EXERCISE INPUT below:

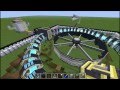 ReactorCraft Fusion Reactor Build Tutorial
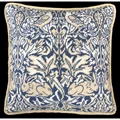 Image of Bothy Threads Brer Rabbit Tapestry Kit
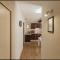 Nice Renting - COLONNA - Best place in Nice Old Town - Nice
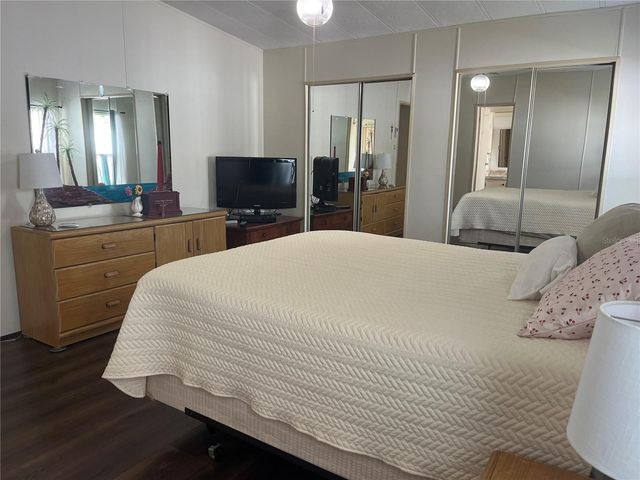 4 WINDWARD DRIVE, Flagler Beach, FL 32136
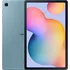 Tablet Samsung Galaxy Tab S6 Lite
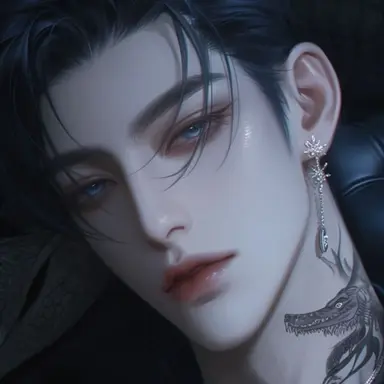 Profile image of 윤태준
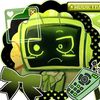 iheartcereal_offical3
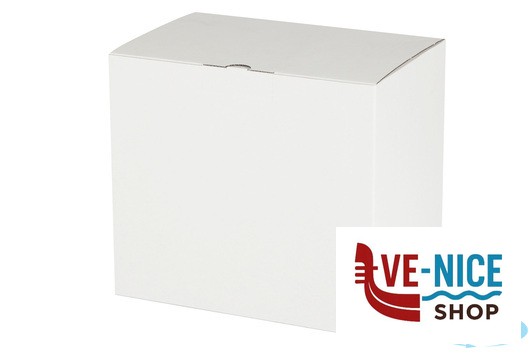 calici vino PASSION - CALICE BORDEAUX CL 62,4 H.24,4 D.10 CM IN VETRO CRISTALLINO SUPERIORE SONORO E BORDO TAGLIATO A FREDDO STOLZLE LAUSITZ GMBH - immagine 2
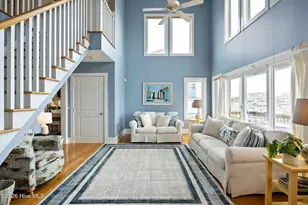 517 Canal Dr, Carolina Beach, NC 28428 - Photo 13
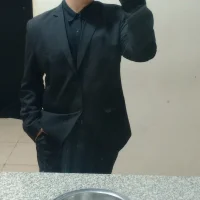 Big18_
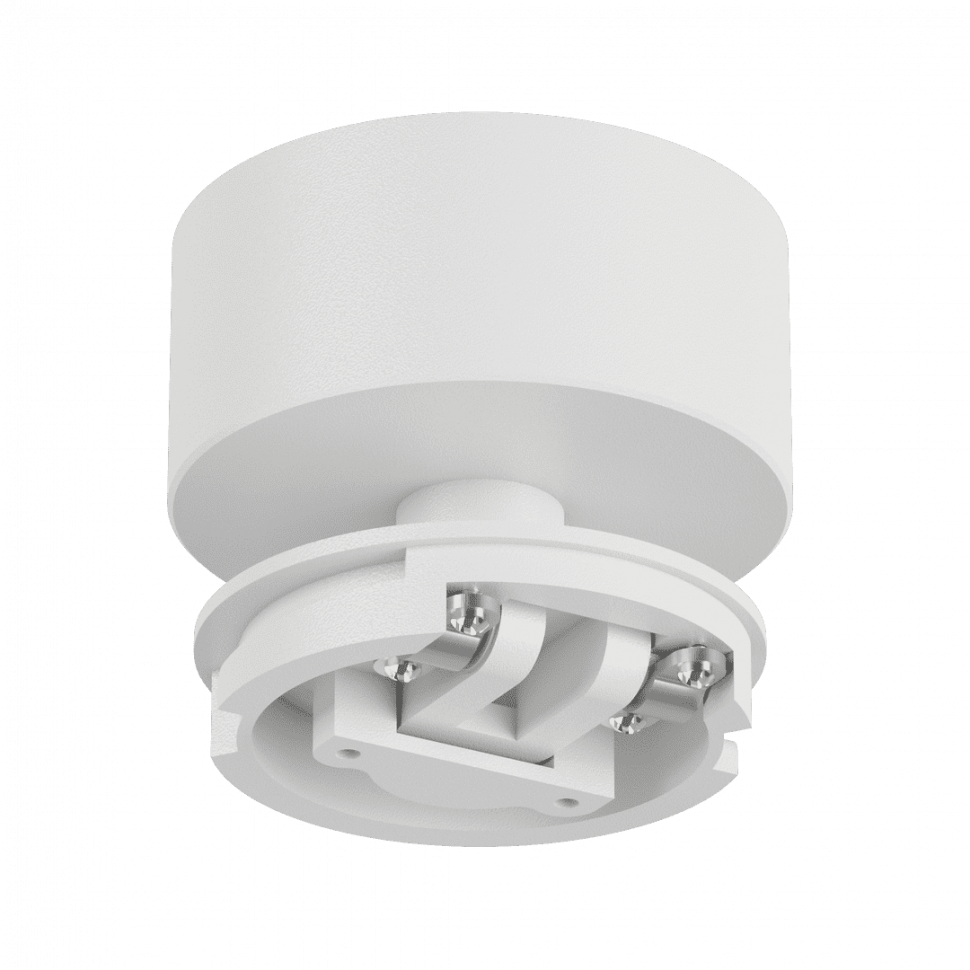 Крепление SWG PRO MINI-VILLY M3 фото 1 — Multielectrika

End of EXERCISE INPUT.

* [WORK TO COMPLETE]: Quote exactly, and only, the lines from the line containing "4 WINDWARD DRIVE, Flagler Beach, FL 32136" through the final line of the records above, both included, omitting any pictures.

* [WRITTEN RESPONSE]:
 4 WINDWARD DRIVE, Flagler Beach, FL 32136
 Tablet Samsung Galaxy Tab S6 Lite
 Profile image of 윤태준
 iheartcereal_offical3
 calici vino PASSION - CALICE BORDEAUX CL 62,4 H.24,4 D.10 CM IN VETRO CRISTALLINO SUPERIORE SONORO E BORDO TAGLIATO A FREDDO STOLZLE LAUSITZ GMBH - immagine 2
 517 Canal Dr, Carolina Beach, NC 28428 - Photo 13
 Big18_
 Крепление SWG PRO MINI-VILLY M3 фото 1 — Multielectrika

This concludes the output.